The 200,000-square-foot center is, appropriately, at 111 E. Wacker, in a building designed by Mies van der Rohe, the pioneer of Mid-Century Modernism. It’s just off Michigan Avenue and above the dock for the Chicago Architecture Foundation Center River Cruise.
It will open to the public Friday, which Emanuel proclaimed Chicago Architecture Day, kicking off a grand opening weekend that runs through Labor Day.
Admission is $12 for adults, $8 for students (with ID) and free for members and children under five. Admission to the center is included in the fee for walking and bus tours. Discounted admission is available with river cruise tickets.
“Chicago’s architecture is very much — I don’t know how else to say it — our family jewels. This is what we share with the world as they come to our city. We have `em look at our little treasures and they are incredible treasures,” Emanuel told the crowd of movers and shakers assembled for the ceremony.

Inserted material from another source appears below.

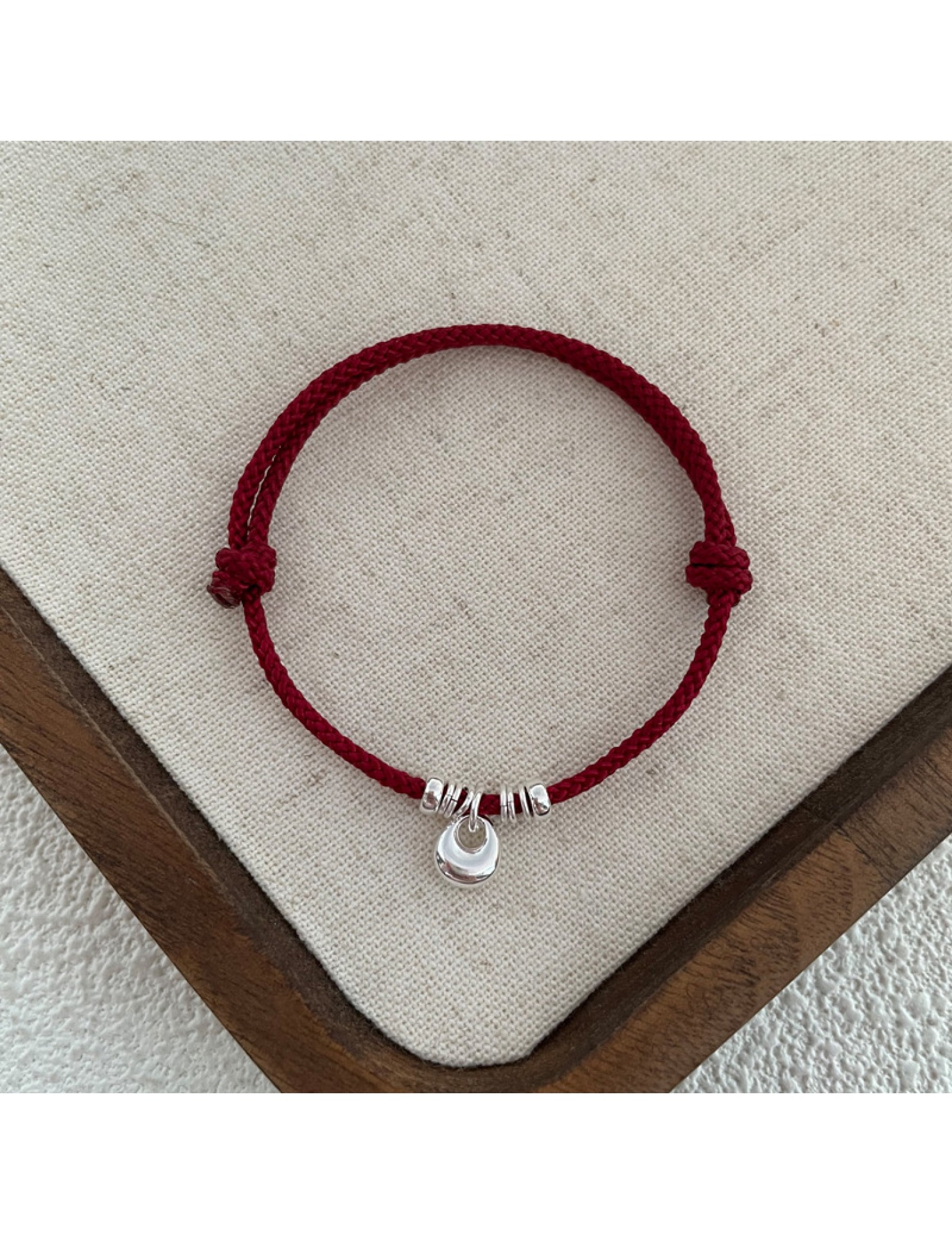 SATN122100023 S925純銀新中式銀坨坨紅繩手鏈女輕奢小眾精致手繩高級感新年禮物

“People from around the globe come here. They’re all taken with this spectacular man-made architecture against the background of God’s beauty: Lake Michigan. When you put those together, this is why Chicago is so special.”

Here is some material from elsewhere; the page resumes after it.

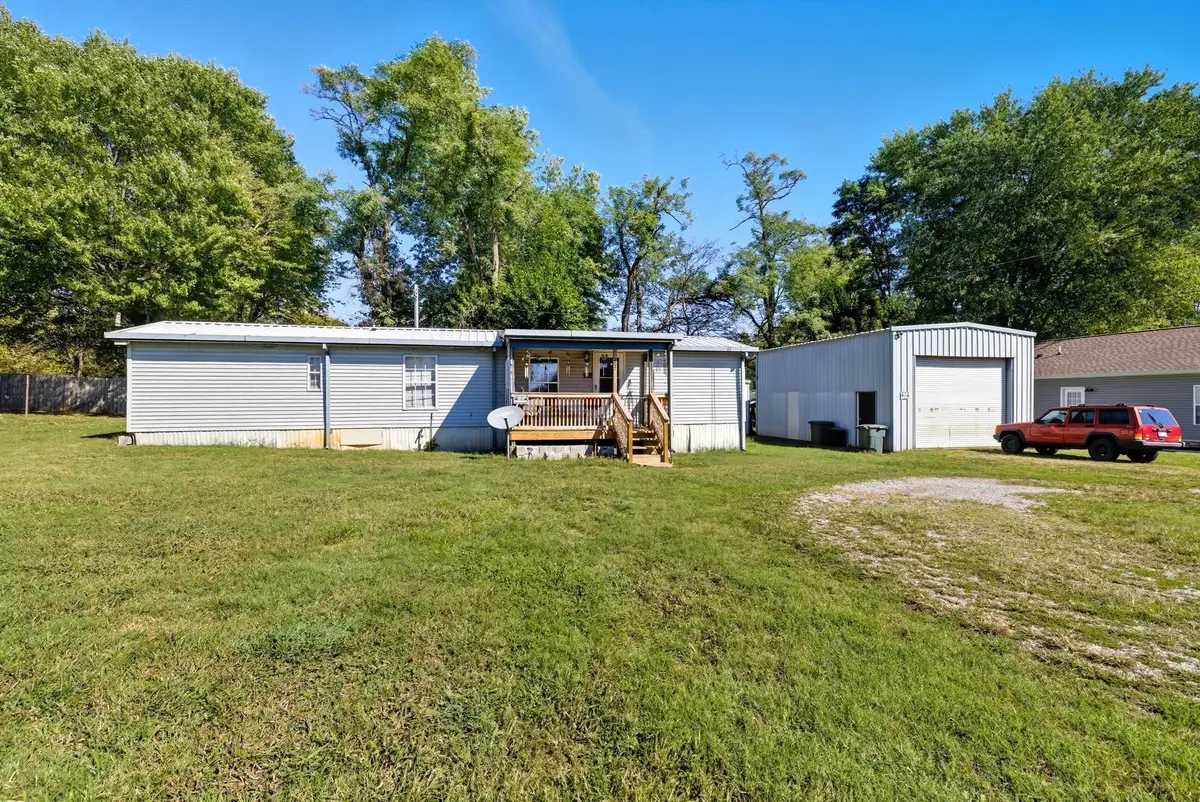 207 Center St, Portland, TN 37148 - #1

Designed by Adrian Smith + Gordon Gill Architecture, the center is truly a celebration for Chicago’s world-renowned architecture.
The first floor includes a Chicago Gallery with an expanded Chicago Model — complete with 4,250 buildings instead of 1,300 — to tell the story of how this city became the “epicenter of modern architecture.

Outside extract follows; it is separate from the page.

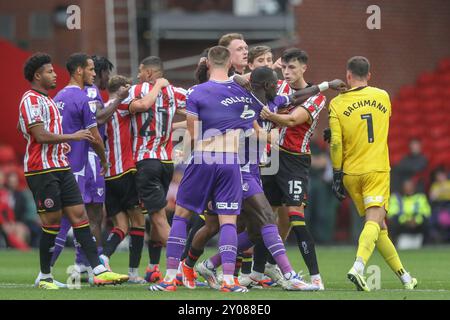 Sheffield, Großbritannien. September 2024. Eine Auseinandersetzung zwischen beiden Teams während des Sky Bet Championship Matches Sheffield United gegen Watford in der Bramall Lane, Sheffield, United Kingdom, 1. September 2024 (Foto: Alfie Cosgrove/News Images) in Sheffield, United Kingdom am 1. September 2024. (Foto: Alfie Cosgrove/News Images/SIPA USA) Credit: SIPA USA/Alamy Live News Stockfoto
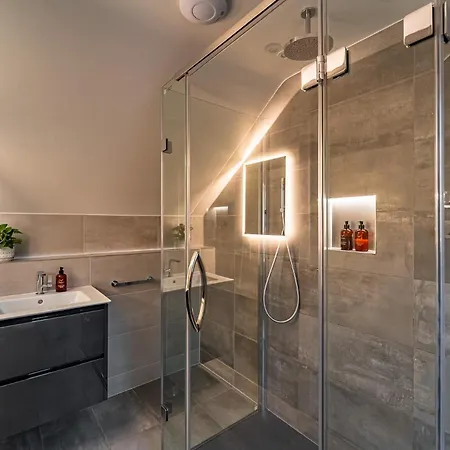 Howe * Bowness-on-Windermere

A film and interactive light show illuminates the model to show Chicago’s early growth, its rebirth after the Great Chicago Fire of 1871, its first-ever skyscrapers and the buildings of steel and glass, along with Millennium Park, that have become what the foundation calls “modernist masterpieces.”
The gallery also showcases Chicago’s best-known architects and unique home designs. They include: worker cottages from 1830 to 1890; two-flats in the 1910’s; bungalows and courtyard buildings in the ’20’s and ’30’s and high-rises in the 1960’s.
The second floor has 40-foot tall windows overlooking the Chicago River and Michigan Avenue bridge. The “Building Tall” exhibit is filled with super-sized scale models of famous skyscrapers from Chicago and around the world. That includes a 36-foot tall model of the Jeddah Tower in Saudi Arabia designed by Chicago-based Adrian Smith + Gordon Gill Architecture.
A rotating gallery challenges architects from Chicago to “talk about what the city of 2050 looks like.” A new design studio and lecture hall will “inspire students to discover why design matters.”
President and CEO Lynn Osmond said she “started dreaming about” a Chicago Architecture Center in 2000 when she saw the Red Box in Berlin and the Pavillion de l’Arsenal in Paris.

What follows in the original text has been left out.